THERE are very few lions in Yorkshire.

I’m reminded of the joke about the man sprinkling something out of the train window on the Stalybridge to Huddersfield track.

“What are you up to?” asks another passenger.

“It’s anti-lion powder,” says the man.

“But there are no lions in Marsden,” says the passenger.

“I know.

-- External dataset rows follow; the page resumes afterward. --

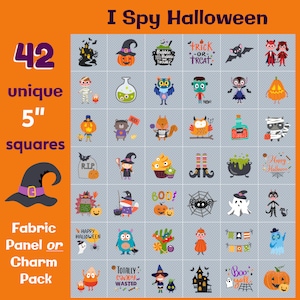 Könnte beinhalten: Ein Set mit 42 einzigartigen 12,7 cm großen quadratischen Stoffpanels oder Charms mit Halloween-Motiven. Die Illustrationen beinhalten Geister, Kürbisse, Hexen, Fledermäuse und andere gruselige Figuren. Die Panels sind perfekt für Bastelprojekte, Scrapbooking oder um Ihrer Wohnkultur einen festlichen Touch zu verleihen.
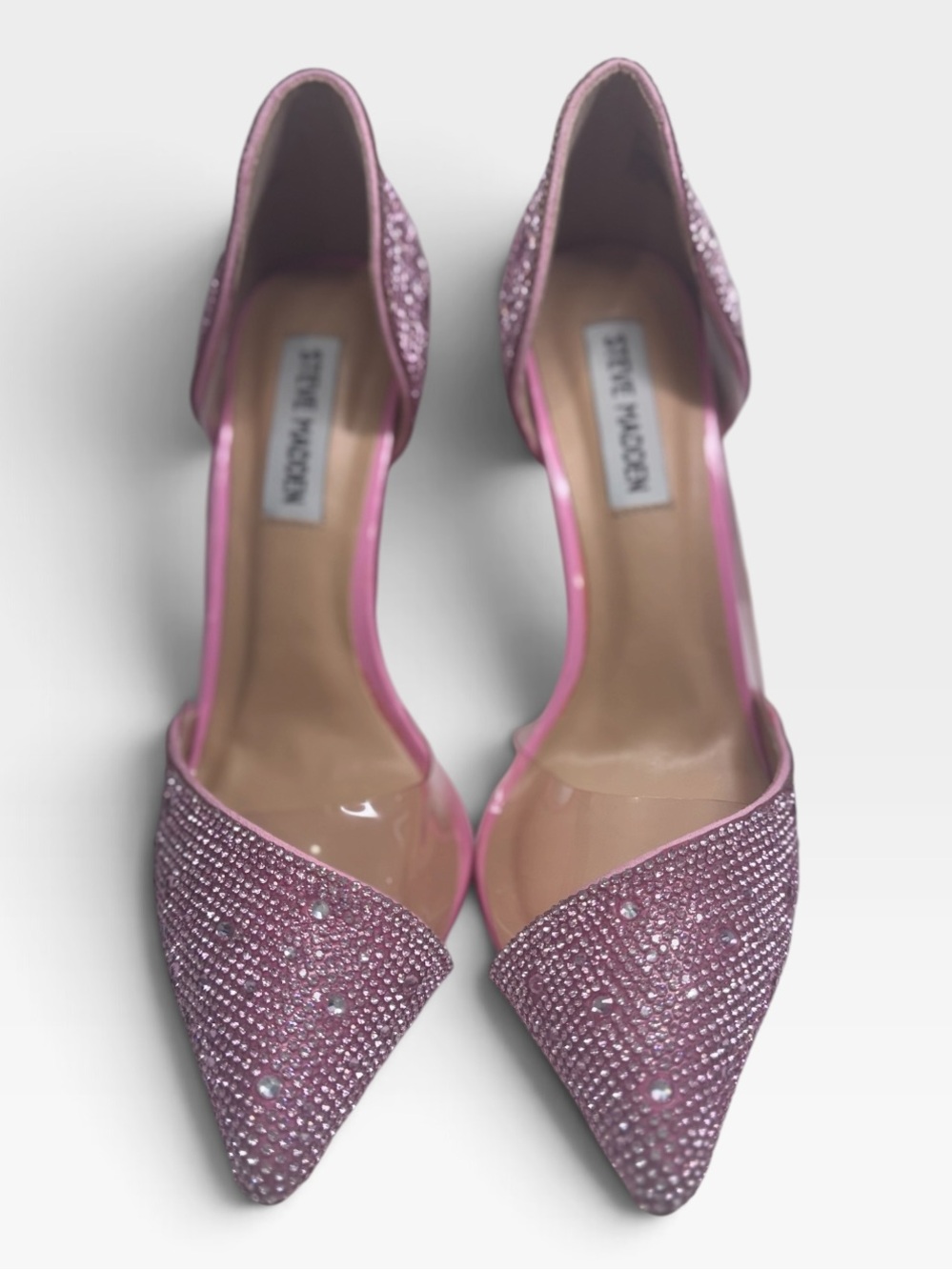 Steve Madden Vestan Pink Rhinestone Clear Paneled d'Orsay Pumps Sz 7M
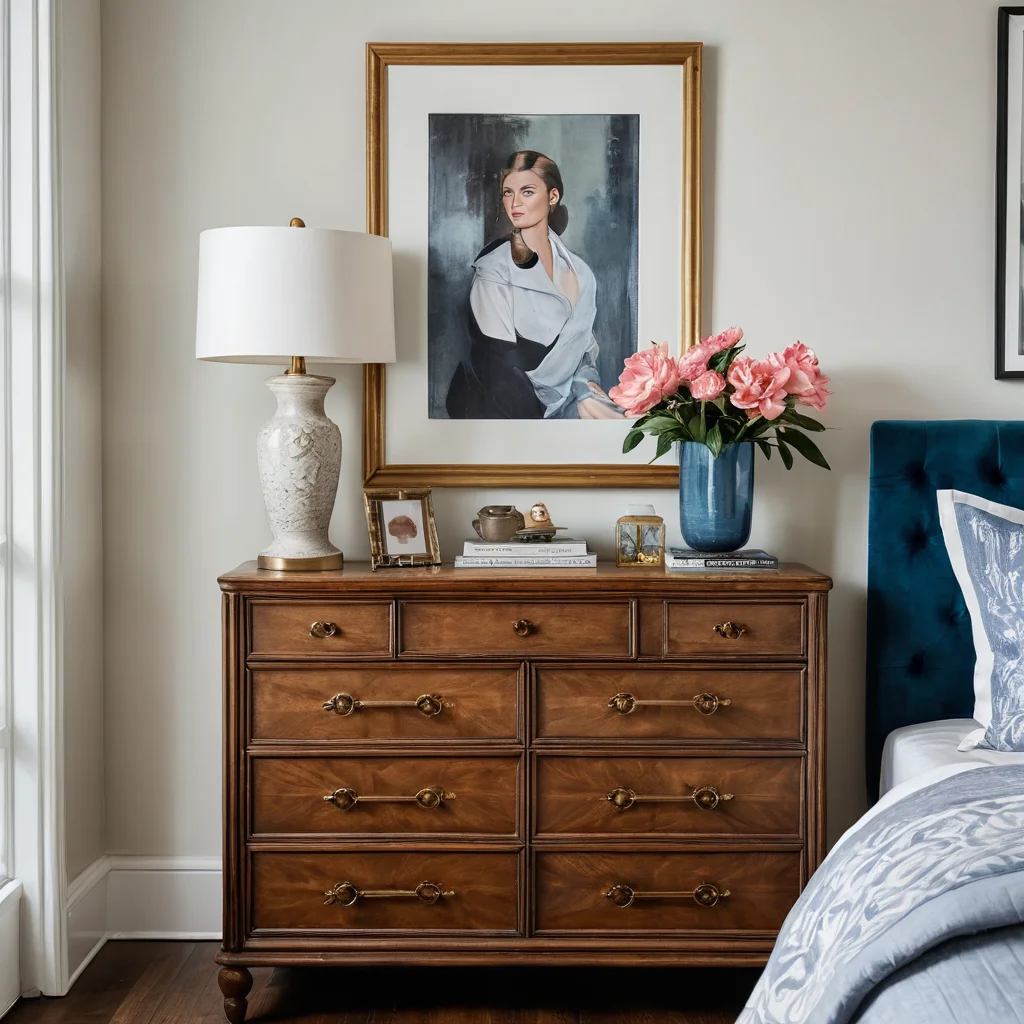 Изображение, показывающее распространенные ошибки в декоре комодов и тумб: перегруженная поверхность, неподходящие аксессуары, неудачный выбор цвета, контрастирующее с элегантным решением.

It’s great stuff, isn’t it?”

Of the few lions in Yorkshire, most can be found at the Yorkshire Wildlife Park near Doncaster.

I thought grandson Harry would be chuffed to bits over the children’s playground, the slides, the chance to pat a goat and cuddle a wallaby.

I thought he might have been taken with the ring-tailed lemurs, the mongooses and the meerkats – or even his big bowl of lunchtime pasta.

But no – it was the lions.

Bear in mind the lions were sitting asleep on a mound of earth 100 metres behind a 10 metre high electrified fence.

They didn’t move or roar or pace about or bring down and feast upon a wildebeest.

There’s a message here.

Do not imagine you know what is really going on in a child’s mind.

Do not imagine you know what will please, amuse, frighten or intrigue a child.

It will almost certainly be not what you think it is.

That was the lesson the lions of Yorkshire and Harry have taught me and, as an assiduous grandfather, it’s not one I’m going to forget in a hurry.